* [INPUT DATA]:
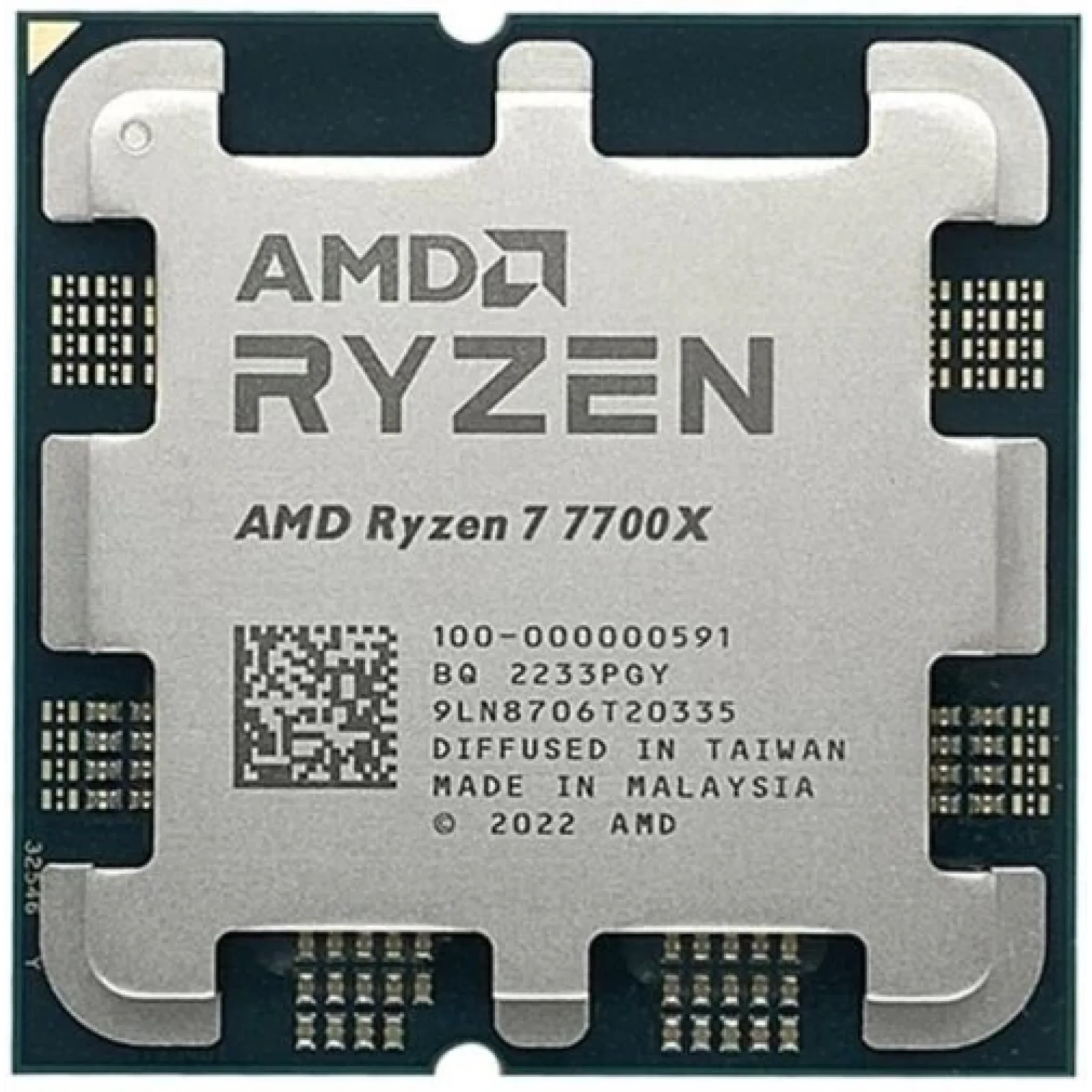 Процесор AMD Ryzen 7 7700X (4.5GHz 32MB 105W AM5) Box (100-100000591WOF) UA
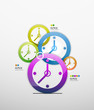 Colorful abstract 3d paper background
---
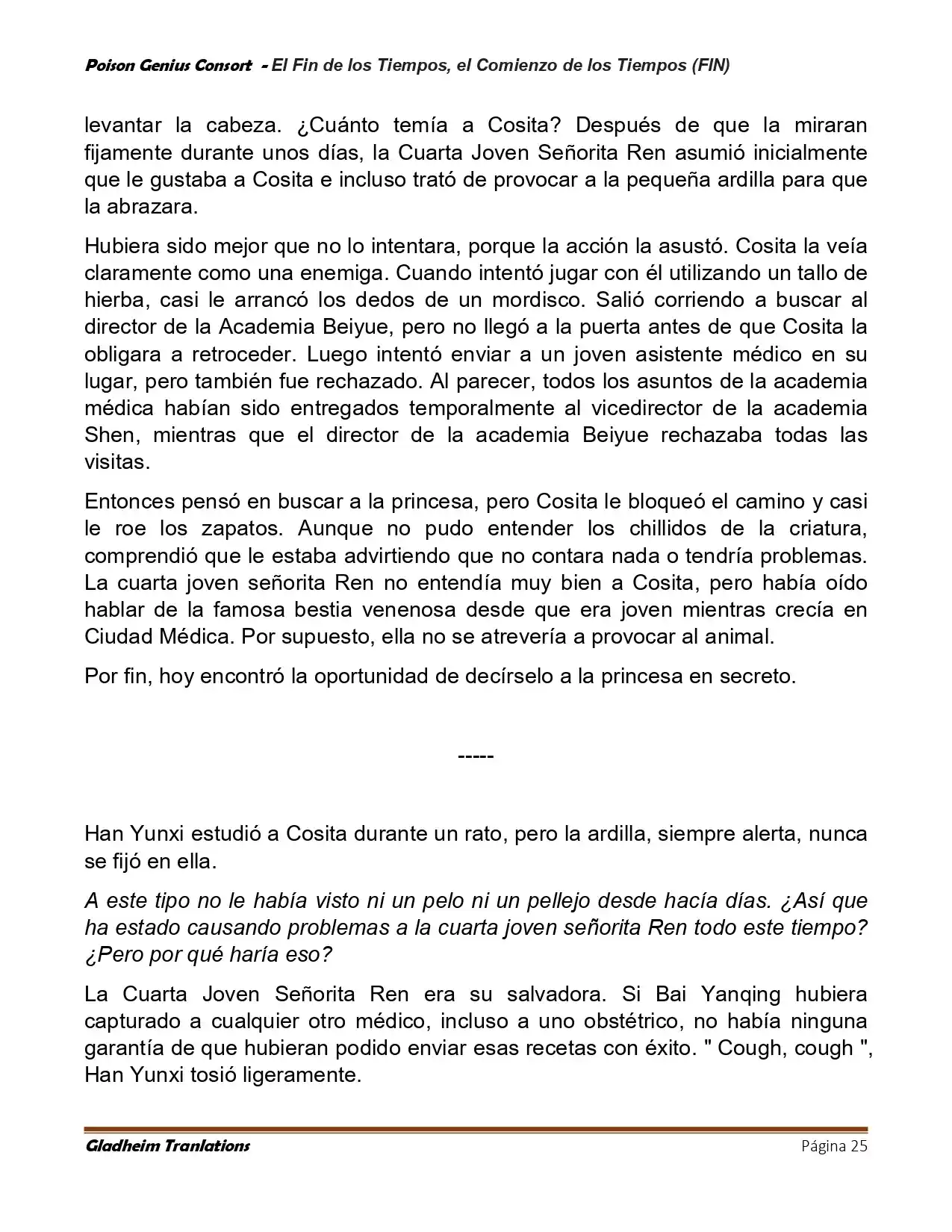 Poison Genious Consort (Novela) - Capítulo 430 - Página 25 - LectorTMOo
---
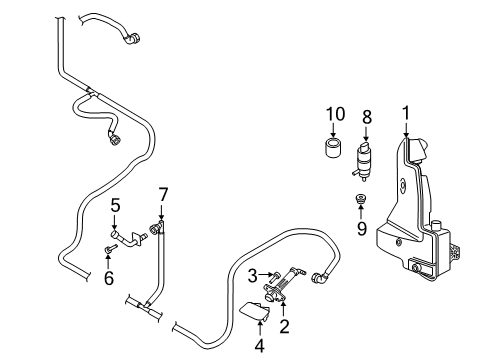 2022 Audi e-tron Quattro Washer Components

* [ACTION ITEM]: In the listing above, the required lines run from the line with "Процесор AMD Ryzen" through the line with "Colorful abstract 3d paper background". Output exactly those lines, omitting pictures.

* [EXERCISE RESULT]:
 Процесор AMD Ryzen 7 7700X (4.5GHz 32MB 105W AM5) Box (100-100000591WOF) UA
 Colorful abstract 3d paper background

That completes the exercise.